“It’s a wicked world that we live in. It’s cruel and unforgiving.”

The Transplants said that. And as far as I can tell, it’s as true as anything else in this world of uncertainty.

My confidant, Philip Howiler, told me about a girl who was shot in the face by her boyfriend. I asked if she died, to which he told me it is possible to survive such an injury.

This really got me thinking about what a wicked world we live in.

On Sunday, as many as 21 Christians were murdered in warm blood during a church service on a campus in northern Nigeria. Authorities suspect the gunmen to be part of Boko Haram, a radical Islamic sect.

An investigative news website, Mediapart, found evidence of an illegal 50 million Euro donation from former Libyan leader Muammar Gaddafi to French president Nicolas Sarkozy, which might have boosted him into power. Sarkozy just laughed it off as a fake hoping it will get him enough votes to win the election – completely legally, as always. Sarkozy is now filing a lawsuit against Mediapart saying the document is “crude forgery.”

And the military (and your lover, Facebook) is preparing to censor the Internet and access your private information via the Cyber Intelligence Sharing and Protection Act which has passed in the House. (Remember SOPA? Well, this is worse and moving much faster through Congress.)

“People just have no criterion left to evaluate the importance of things.

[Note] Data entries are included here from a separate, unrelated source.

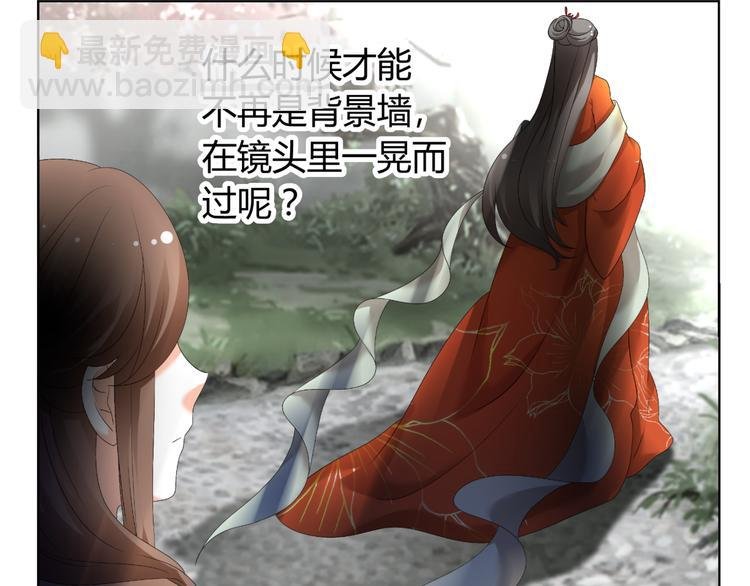 第31话 聚光灯下的期盼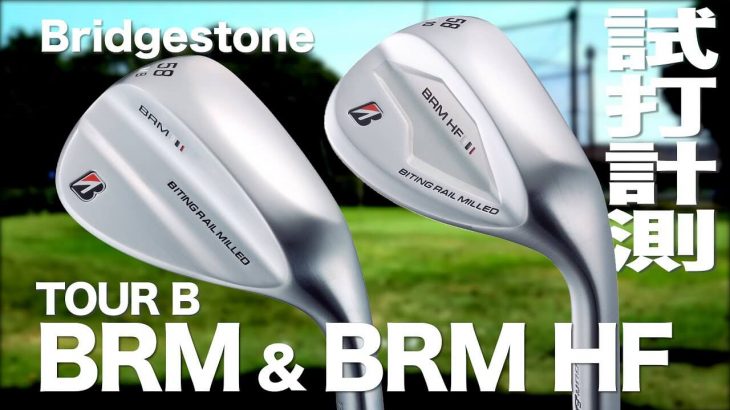 ブリヂストン TOUR B XW-1/XW-2 ウェッジ vs TOUR B BRM/BRM HF ウェッジ 比較 試打インプレッション｜プロゴルファー 石井良介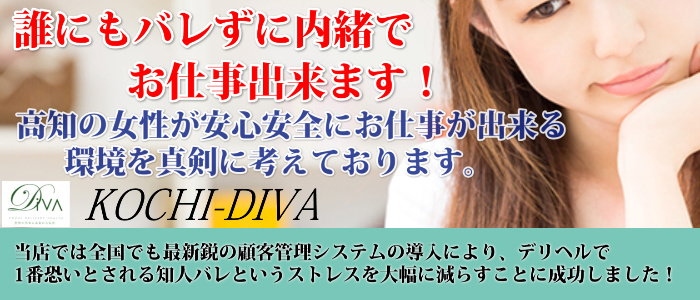 高知 DIVA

I think the only thing that would really affect people would be the announcement that the world was going to be blown up by the hydrogen bomb,” said Philip K. Dick, from “An Interview with Philip K. Dick.”

“But outside of that, I don’t think they would react to anything.”

And if you think it’s any easier for people in my line of duty, a French journalist was injured and went missing after three soldiers and a police official were gunned down in a raid of five cocaine labs in Bogota, Colombia, Saturday. That’s just sick.

It’s comparable to shooting the Union Army’s drummer boy. Not cool, bad guys.

Things are not going our way, planet Earth. And it’s nobody’s fault but our own.